# RECORDS PROVIDED

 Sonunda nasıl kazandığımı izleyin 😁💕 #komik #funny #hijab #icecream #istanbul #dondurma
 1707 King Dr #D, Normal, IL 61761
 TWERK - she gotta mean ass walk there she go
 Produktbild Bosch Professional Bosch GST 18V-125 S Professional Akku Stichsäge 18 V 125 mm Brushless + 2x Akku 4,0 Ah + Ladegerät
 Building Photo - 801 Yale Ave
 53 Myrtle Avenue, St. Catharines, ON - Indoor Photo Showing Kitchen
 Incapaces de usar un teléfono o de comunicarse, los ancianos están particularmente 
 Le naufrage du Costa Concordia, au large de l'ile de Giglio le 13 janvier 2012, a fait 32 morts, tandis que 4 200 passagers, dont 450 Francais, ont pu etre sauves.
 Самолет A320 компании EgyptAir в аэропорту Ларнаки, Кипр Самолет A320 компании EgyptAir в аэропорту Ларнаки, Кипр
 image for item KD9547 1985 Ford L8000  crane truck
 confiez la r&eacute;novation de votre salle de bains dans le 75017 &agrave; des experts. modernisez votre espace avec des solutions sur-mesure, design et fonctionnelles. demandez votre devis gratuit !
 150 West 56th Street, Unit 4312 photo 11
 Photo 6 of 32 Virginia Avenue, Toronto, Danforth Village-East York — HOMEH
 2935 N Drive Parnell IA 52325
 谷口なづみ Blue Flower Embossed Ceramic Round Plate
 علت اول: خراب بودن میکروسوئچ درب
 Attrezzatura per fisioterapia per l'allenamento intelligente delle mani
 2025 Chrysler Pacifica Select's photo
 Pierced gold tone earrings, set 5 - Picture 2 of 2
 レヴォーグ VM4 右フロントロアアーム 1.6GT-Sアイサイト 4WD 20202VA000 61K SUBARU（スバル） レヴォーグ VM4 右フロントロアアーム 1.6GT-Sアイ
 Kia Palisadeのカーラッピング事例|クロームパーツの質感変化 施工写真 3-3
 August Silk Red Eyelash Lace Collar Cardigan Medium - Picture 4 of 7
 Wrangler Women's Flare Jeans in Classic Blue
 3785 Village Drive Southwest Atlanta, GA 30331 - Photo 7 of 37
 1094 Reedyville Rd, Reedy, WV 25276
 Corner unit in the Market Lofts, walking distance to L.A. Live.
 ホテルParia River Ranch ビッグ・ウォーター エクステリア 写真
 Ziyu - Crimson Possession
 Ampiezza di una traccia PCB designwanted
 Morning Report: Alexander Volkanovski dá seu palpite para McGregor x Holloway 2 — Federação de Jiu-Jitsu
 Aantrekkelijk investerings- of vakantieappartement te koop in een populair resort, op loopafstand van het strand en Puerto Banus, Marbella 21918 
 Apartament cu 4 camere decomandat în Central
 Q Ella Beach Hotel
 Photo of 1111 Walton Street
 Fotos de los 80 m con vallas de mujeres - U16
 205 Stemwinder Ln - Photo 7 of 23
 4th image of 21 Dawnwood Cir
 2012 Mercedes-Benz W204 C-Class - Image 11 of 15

# THE TASK
The answer must consist of every line from the listing above that includes the word "Street".

# TASK RESULT
 150 West 56th Street, Unit 4312 photo 11
 Photo of 1111 Walton Street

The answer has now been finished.